Dalla montagna all’acqua: come ci è arrivata Claire Ghiringhelli al canottaggio? «All’acqua ci sono arrivata solo dopo l’operazione: prima era prevalentemente in montagna che trascorrevo il mio tempo libero. La mia nuova condizione imponeva però che cercassi altro per praticare un po’ di sport: avevo la necessità di rimettermi in movimento, specie perché per due interminabili anni, complice la malattia e la lunga convalescenza, non avevo più fatto niente di particolare. L’idea di praticare uno di quegli sport ‘classici’ per i paraplegici, come il basket o il tennis in carrozzina, non mi stimolava particolarmente.
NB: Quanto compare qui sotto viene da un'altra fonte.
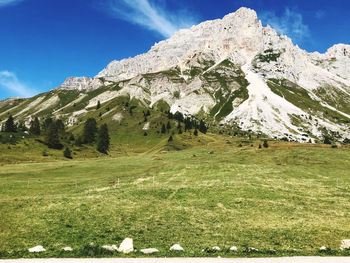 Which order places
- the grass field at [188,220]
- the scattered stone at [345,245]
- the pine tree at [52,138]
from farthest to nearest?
the pine tree at [52,138] < the grass field at [188,220] < the scattered stone at [345,245]

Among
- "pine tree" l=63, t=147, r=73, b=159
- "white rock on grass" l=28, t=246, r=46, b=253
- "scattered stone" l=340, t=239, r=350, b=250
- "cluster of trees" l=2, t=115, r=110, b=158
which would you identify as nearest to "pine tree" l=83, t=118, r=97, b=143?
"cluster of trees" l=2, t=115, r=110, b=158

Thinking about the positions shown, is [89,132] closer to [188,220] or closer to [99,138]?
[99,138]

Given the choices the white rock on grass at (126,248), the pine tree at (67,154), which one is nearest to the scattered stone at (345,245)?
the white rock on grass at (126,248)

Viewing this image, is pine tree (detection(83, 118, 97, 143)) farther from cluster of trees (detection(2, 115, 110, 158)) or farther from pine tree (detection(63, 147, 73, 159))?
pine tree (detection(63, 147, 73, 159))

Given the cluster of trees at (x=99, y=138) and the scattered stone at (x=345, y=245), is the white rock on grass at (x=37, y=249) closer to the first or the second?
the scattered stone at (x=345, y=245)

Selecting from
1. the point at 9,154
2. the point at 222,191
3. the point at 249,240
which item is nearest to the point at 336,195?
the point at 222,191

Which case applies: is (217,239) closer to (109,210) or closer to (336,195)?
(109,210)

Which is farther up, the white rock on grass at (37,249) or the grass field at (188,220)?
the white rock on grass at (37,249)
Cercavo qualcosa di intrigante, qualcosa che potesse portare una ventata di novità in modo da voltare metaforicamente pagina e iniziare un nuovo capitolo della mia vita. Così mio marito mi aveva proposto il canottaggio. Mi sono documentata un po’ in internet e poi sono andata a bussare al club di Corbeil-Essonnes, società francese di para-rowing nota per avere una squadra molto competitiva. Ad accogliermi è stato il direttore sportivo, che a tutt’oggi è il mio allenatore, e mi ha subito messo in acqua. Lì per lì ero spaventata, ma lui continuava a insistere... Ebbene, superato quel timore iniziale, mi sono sentita quasi rinata: avevo trovato il mio sport!».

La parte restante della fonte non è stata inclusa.